Braised Oxtail & Foie-Gras Ravioli
- Serves 10
For the ravioli pasta:
- 6 cups “00″ flour, plus more for dusting work surface
- 1 teaspoon salt
- 8 whole eggs
- 5 yolks
- 2 tablespoons olive oil
- 2 tablespoons water
For the braised oxtail:
- 4 pounds oxtail, cut into 3-inch pieces
- 1 stick butter
- 2 celery stalks, chopped
- 1 medium carrot, chopped
- 1 medium onion, chopped
- 1 head garlic, cut in half
- 1/2 bunch parsley
- 2 sprigs thyme
- 1 bay leaf
- 1 bottle dry red wine
- 8 cups beef or veal stock
- salt & pepper
- carrot, celery, turnip, diced and blanched
- 8 ounces foie-gras terrine (for the ravioli)
- Fresh herbs, chopped
- truffle juice (optional)
- chicken demi-glace
- 1/2 cup reserved braising liquid
For the ravioli dough:
- Combine the “00″ flour, the salt, the eggs, yolks and olive oil in a Kitchenaid bowl and combine on low speed using the dough hook (this also could be done by hand in a large bowl). Increase the speed until you get a rough dough. This should take 1 or 2 minutes.
- When the mixture comes together transfer to a floured clean surface and knead the dough, turning the inside-out, until you obtain a dough that’s smooth on the outside, adding flour everytime the dough starts to feel sticky. The whole process should take less than 5 minutes. Wrap the dough in plastic wrap and let it rest in the refrigerator for at least 2 hours, or overnight.
- Time to start on the ravioli. Take the dough out from the fridge and place it on a floured surface. Cut it in 4 equal pieces. With a rolling pin make rectangle with the pieces of dough, so that they fit inside your pasta machine.

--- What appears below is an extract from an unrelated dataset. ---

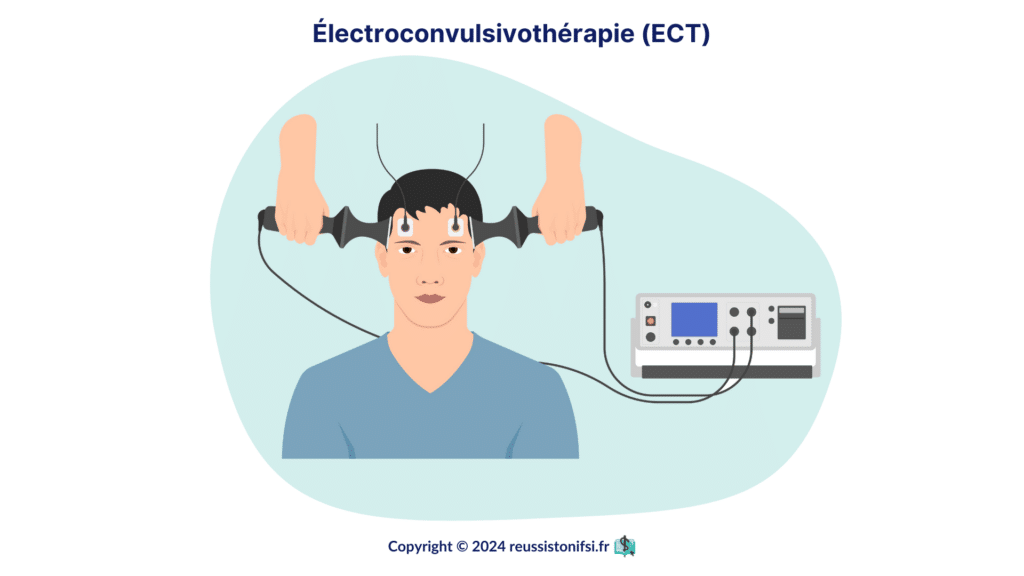 Infographie- Électroconvulsivothérapie (ECT)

- Start rolling pasta sheets on the thickest setting and cut in half (so it doesn’t get too long). Keep rolling reducing the setting everytime. The number “8″ setting on this machine is where i usually stop.
- You should be able to see your hand through the pasta sheets when you have reached the right thickness. You want it thin but not so thin that it becomes fragile.

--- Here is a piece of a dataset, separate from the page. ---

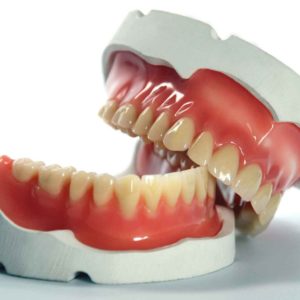 Riparazione Protesi Dentarie Roma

- Now for the fun part. Make an egg wash by beating an egg with a tablespoon of water. Cut sheets of pasta so they have about the same length and lay them on a floured surface. Place blops oxtail filling + a dice of foie-gras terrine at regular intervals using a revolutionary new-age piece of equipment called… err.. a spoon. Using a pastry brush, sweep some egg wash over the edges of the pasta and in-between each ravioli and down the center. Pick up another sheet of pasta and place on top, sealing the gaps between the filling by pressing gently with your fingers.
- Using a pasta-cutter, pastry cutter or whatever-the-heck-you-want cutter, make pretty shapes. Make sure each ravioli is sealed by pressing gently around the edges with your fingers. At this point, the ravioli can be frozen to be used at a later time. Make sure not to store them on top of each other, use cornmeal and separate them with layers of wax paper.
For the braised oxtail:
- Preheat oven to 300′F.
- Season the oxtail pieces with salt & pepper. Melt 3/4 of the butter in a dutch oven, add the oxtail and brown on side. Transfer the oxtail to a platter and discard the excess fat.
- Melt the remaining butter in the same pan and add the celery, carrots, onion, garlic, parsley, thyme and bay leaves and cook until the vegetables start to brown, about 10 minutes. Add the wine and reduce until almost completely evaporated. Add the oxtail back to the pan and the beef or veal stock. Bring to a boil, skimming off the foam that rises to the surface. Cover the pan with a lid and braise in the oven for 3 hours.
- Remove the meat and strain the liquid. Discard the vegetables (or you could pick through them and mix them to the braised oxtail meat). Remove the meat from the bones whiles they’re still hot and check seasoning. Let it cool and use the shredded meat as stuffing for the ravioli.
- Bring a large pot of salted water to a boil and cook the ravioli for 5 minutes. Drain.
- Meanwhile, in a large saute pan add the chicken demi-glace, some of the oxtail braising liquid and truffle juice to a boil and reduce until it coats the back of a spoon. Whisk in some butter and adjust seasoning. Toss in the ravioli, the blanched carrots, celery and turnips and herbs. Serve immediately.